# 11-14-09



## viet (Sep 11, 2008)

Went out this sat to try to get a few birds and it couldnt have worked out better. Birds were feet down in the decoys at point blank range. Limit of ducks, geese and 3 snows by 9:30am. Not a bad day.


----------



## gsehnter-bloms (Dec 16, 2007)

Nice mixed bag!


----------



## sod44 (Sep 30, 2008)

nice job guys


----------



## J.D. (Oct 14, 2002)

Nice shirt!


----------



## Hoppsa (Mar 26, 2009)

Nice shoot Andy!


----------



## Acemallard (Sep 30, 2003)

Anyone else see this.


----------



## Chuck Smith (Feb 22, 2005)

Could there possibly be another guy with them......like behind the camera.


----------



## wingaddict (Sep 16, 2009)

interesting there are 15 mallards, but 10 canadas. Maybe there was 4 guys and there shooting sucked and they sailed 5 mallards and 2 canadas into that slough and the dog cant swim. :lol:

Who knows?


----------



## Andrew Bremseth (Aug 1, 2007)

Good shoot!


----------



## franchi (Oct 29, 2005)

#'s 8 & 9 were stuck together so it's like one nacho.


----------



## Bloodyblinddoors (Oct 25, 2006)

He does claim they killed a limit of ducks and geese. I woulda left one of those honkers outa the pic but thats just me. Killing 1 over happens... Accidents happen. I'd choose not to advertise it.


----------



## USAlx50 (Nov 30, 2004)

hahaha


----------



## Marlin40 (Jul 19, 2009)

Fail.


----------



## T Shot (Oct 4, 2002)

Either one over the limit, or actually 2 short... I hope for your sake it's actually the second! Congrats on finding dry land though, that's hard to come by up north!


----------



## USAlx50 (Nov 30, 2004)

T Shot said:


> Either one over the limit, or actually 2 short... I hope for your sake it's actually the second! Congrats on finding dry land though, that's hard to come by up north!

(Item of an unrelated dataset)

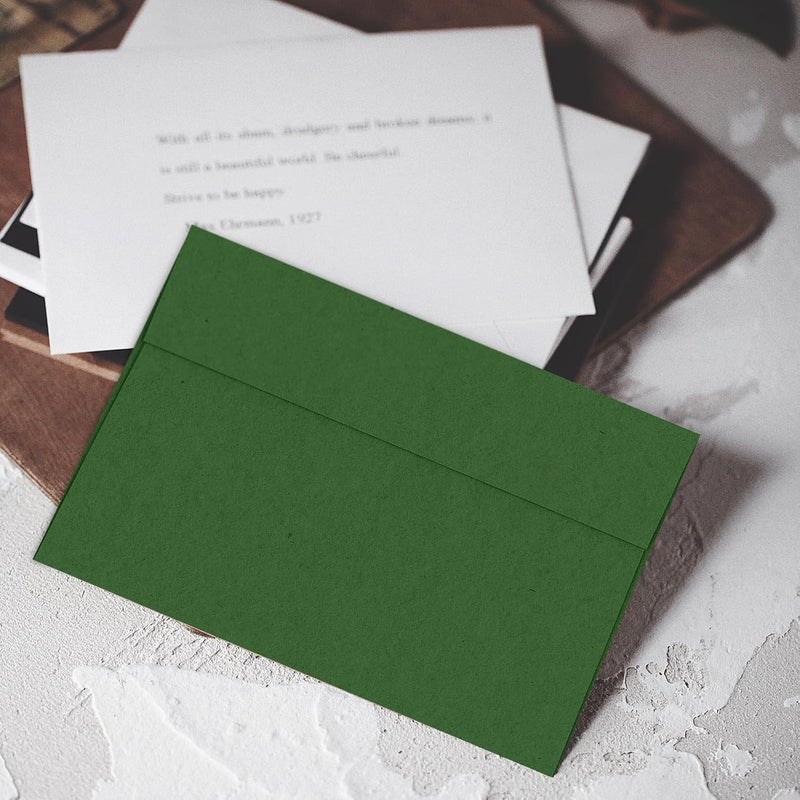 Goefun Dark Green Envelopes A2 100 Pack Self Seal, 120 GSM Printable Invitation Envelopes 4-3/8 x 5-3/4 for Card Making, Photos, Wedding Invitations, Graduation, Baby Shower, and Various Holidays - Image 2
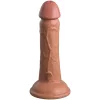 6" Dual Density Silicone Cock  Tan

Then they would be 5 short on ducks :wink: :lol:


----------



## T Shot (Oct 4, 2002)

USAlx50 said:


> T Shot said:
> 
> 
> > Either one over the limit, or actually 2 short... I hope for your sake it's actually the second! Congrats on finding dry land though, that's hard to come by up north!
> ...


Indeed! :beer:

Pokem factor in play?


----------



## hunt4P&amp;Y (Sep 23, 2004)

T Shot said:


> USAlx50 said:
> 
> 
> > T Shot said:
> ...


 :beer:


----------



## viet (Sep 11, 2008)

Yea we shot our limit of ducks and geese. Then the landowner came out and took the pic and wanted his goose in there too. so settle down boys. lol. Nice spot. I was wondering when or if someone would spot that.


----------



## justund223 (Aug 28, 2006)

viet said:


> Yea we shot our limit of ducks and geese. Then the landowner came out and took the pic and wanted his goose in there too. so settle down boys. lol. Nice spot. I was wondering when or if someone would spot that.


Thats pretty convienent


----------



## Ima870man (Oct 29, 2003)

Ya, sure, anytings you say, yahs I believes ya. Thats the best I have seen and heard in a while. HEHEHEHEheheheheheheheheheheheheh..........
If it's true -- so be it, otherwise -- man up and lets the cards fall where they may! Oh wait, you already stated it to be true being the farmers goose so I will have to take it as that. :wink:



:beer:

Ima870man
Jeff


----------



## TheDrake (Apr 20, 2009)

That's a nice pile of birds.


----------



## wingaddict (Sep 16, 2009)

Someone get the guy on the left some camo! :lol:


----------



## cut'em (Oct 23, 2004)

Great Job Guys!


----------



## MN goose killa (Sep 19, 2008)

wingaddict said:


> Someone get the guy on the left some camo! :lol:


Heeeeeeeeeeeeey!!! I'm right here, birds lol


----------



## Kris brantner (Sep 22, 2009)

y do people have to count birds. you pieces of crap need to go shoot some birds of your own instead of always nagging about other peoples pictures. you have too many hens, too many geese why didnt you only shoot drakes. get a life people it gets old. most of the times you dont know the whole story like if there is someone taking the picture or what. i just dont understand why people cant say good hunt


----------



## gsehnter-bloms (Dec 16, 2007)

Well put Kris.


----------



## gooseslapper (Feb 4, 2009)

Nice inconspicuous shirt you have there on the left. Maybe that is the secret to killing limits is wearing a bright a$$ chartreuse shirt! I'm just messing with ya. Nice shoot.....one extra goose isn't the end of the world. I would rather see someone accidently kill an extra goose and take it home rather than leave it out there just to avoid trouble.


----------



## SDwaterfowler (Mar 2, 2006)

viet said:


> Yea we shot our limit of ducks and geese. Then the landowner came out and took the pic and wanted his goose in there too. so settle down boys. lol. Nice spot. I was wondering when or if someone would spot that.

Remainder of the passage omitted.